Bart soffia fuori una risata e, una volta giunto a destinazione nei pressi del lago, si sente quasi triste nel fermarsi e permetterle di scendere - sa che non ci sarà una seconda occasione, non tanto presto. Judith espira forte, tenendosi la testa per un giramento improvviso, e si lascia cadere distesa sull’erba. «Wow,» sospira di nuovo, «è bello.»
Il ragazzo fa scivolare lo sguardo sul panorama che hanno intorno, sul sole rosso che supera di poco la linea dell’orizzonte, sul cielo azzurro scuro dove già si intravedono le prime stelle. Si sdraia accanto alla sorella e, girandosi a guardarla, replica: «È bello anche star fermi, a volte.»
Lei ricambia lo sguardo e accenna un piccolo sorriso, velato appena di malinconia, che gli fa intuire come non abbia davvero compreso ciò che intende, non fino in fondo. Allungare una mano verso Judy allora gli viene istintivo, un gesto che si rende conto di star compiendo solo quando è già a metà. Posa le dita sul suo braccio e si accorge solo allora dello sguardo della ragazza, della diffidenza che è tornata prepotente nei suoi occhi; lo sta fissando pronta a scattare via, aspettandosi chissà quale dispetto, chissà quale trucco ai suoi danni.
Bart vorrebbe spiegarle che in certi casi ha solo bisogno di toccarla, ha solo voglia di lasciar scorrere le dita sulla sua pelle e impararne la consistenza, scoprire quanto è ancora simile alla propria; vorrebbe ricordarsi com’è fatto il suo corpo, imprimerselo a fuoco nella mente. Non riesce mai a raccontarle niente del genere, tuttavia, perché non riesce a concepire una sua reazione.
«Non ti faccio niente, davvero,» è tutto ciò che si permette di dire, infatti, continuando a far scorrere le dita lungo il suo braccio. La frase tranquillizza sua sorella appena un po’, il giusto per convincerla che non c’è bisogno di scostarsi, che può concedergli quelle briciole che le sta chiedendo. Bart vorrebbe di più - vorrebbe tutto - ma quello è un desiderio che Judy ignora e che lui è deciso a non rivelare, mai.
«Bart?» lo chiama, dopo alcuni istanti, incapace di decifrare i suoi sguardi, di intuire quello che gli sta passando nella testa. «Che succede?»

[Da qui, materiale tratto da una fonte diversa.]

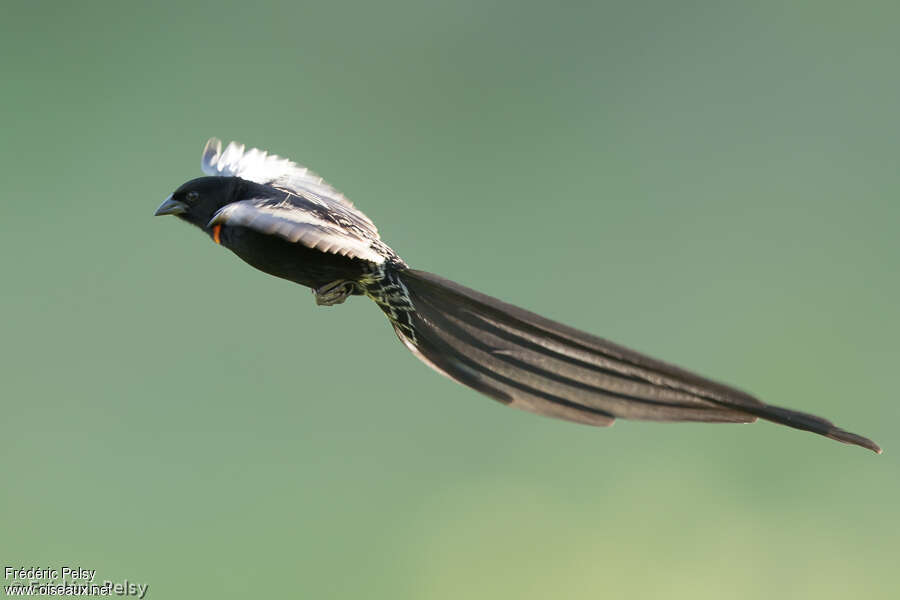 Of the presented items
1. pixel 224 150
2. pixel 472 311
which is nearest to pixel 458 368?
pixel 472 311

Ha un’espressione confusa, sul viso, e il ragazzo si costringe ad interrompere il contatto, ad arretrare, a mettersi in piedi e a recuperare la loro consueta distanza. Gli piacerebbe che ci fosse qualcuno, lì con loro, così da poter usare un pretesto qualsiasi, da non dover fare tutto da solo, ma è diventato bravo a correre via - in particolare da Judy -, ad essere scattante e pronto, a non permettere a nessun ostacolo di interrompere il suo movimento.
Si concede uno sguardo al cielo, al sole che è ormai quasi del tutto scomparso oltre l’orizzonte, e dice: «Niente, è tardi. Devo vedermi con Johnny.» Si volta e fa per andarsene, mentre si rende conto di provare l’acuto desiderio che lei lo fermi, che gli chieda di spendere altro tempo insieme.
Ma Bart è troppo veloce e si è già allontanato di metri e metri, prima che Judith riesca anche solo a realizzare di volere che lui rimanga.